A comienzos de este verano, y apenas tomada posesión de su cargo, el nuevo ministro de Justicia remitió al Parlamento un paquete urgente y provisional de medidas para agilizar la Justicia tras dejar claro que en su gestión tendrá prioridad el examen a fondo del problema de la lentitud. Un buen síntoma. Y a finales del pasado mes de julio, el Consejo del Poder Judicial, ahora ya en el tramo final de su gestión, ha aprobado unas Propuestas para la Reforma de la Justicia cuyo humilde título esconde en realidad un esquema ambicioso e innovador de reorganización a fondo de nuestra Justicia con vistas a incrementar definitivamente su efectividad. Un segundo síntoma esperanzador. Sencillamente, por primera vez en más de dos decenios los dos motores básicos para la reforma de la Justicia, Ministerio y Consejo, han dado simultáneamente muestras de un similar nivel de preocupación y de interés por encontrar soluciones duraderas, y no meros parches transitorios, a un mismo problema. Tan propicia e insólita conjunción de astros no debe ser desaprovechada y quizá permita lo que hasta ahora, por desgracia, se ha mostrado imposible: la convocatoria de un gran Pacto de Estado sobre el funcionamiento de la Justicia al modo y estilo de los grandes acuerdos nacionales que permitieron enderezar en su momento la economía o garantizar el sistema de pensiones. Porque lo cierto es que el actual estado de cosas no puede persistir. El actual esquema jurisdiccional no da para más y de persistir la actual lentitud de nuestra Justicia, de efectos tan corrosivos de cara a la evaluación ciudadana de la misma, se terminará desmoronando, quizá irremediablemente, la buena imagen de conjunto tan laboriosamente alcanzada.

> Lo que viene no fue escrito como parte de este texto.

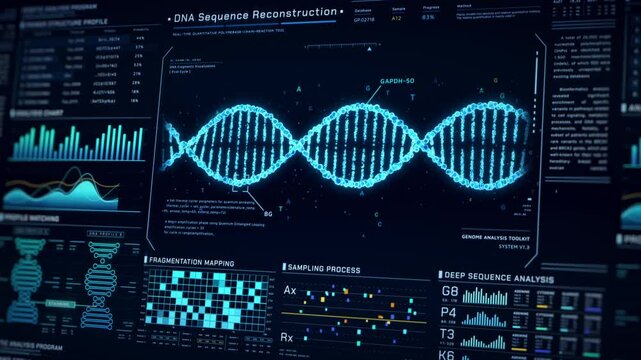 DNA Helix analysis visualization data, genome sequence ui screen, futuristic genetic engineering lab infographic interface, 3D biotechnology scan report dashboard, medical science technology backgound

No hay institución, por sólidamente arraigada que esté en la conciencia colectiva o por buena que sea su imagen social, que no acabe en el limbo de lo socialmente irrelevante si de forma sistemática y prolongada su funcionamiento es considerado inadecuado o deficiente. Y ése es el enorme riesgo que acecha a nuestra Justicia en esta hora: que el cuerpo social termine por concluir que da lo mismo que ahora sea aceptablemente fuerte, democrática e independiente puesto que su persistente lentitud la hace igualmente inútil.

José Juan Toharia es catedrático de Sociología del Derecho de la Universidad Autónoma de Madrid.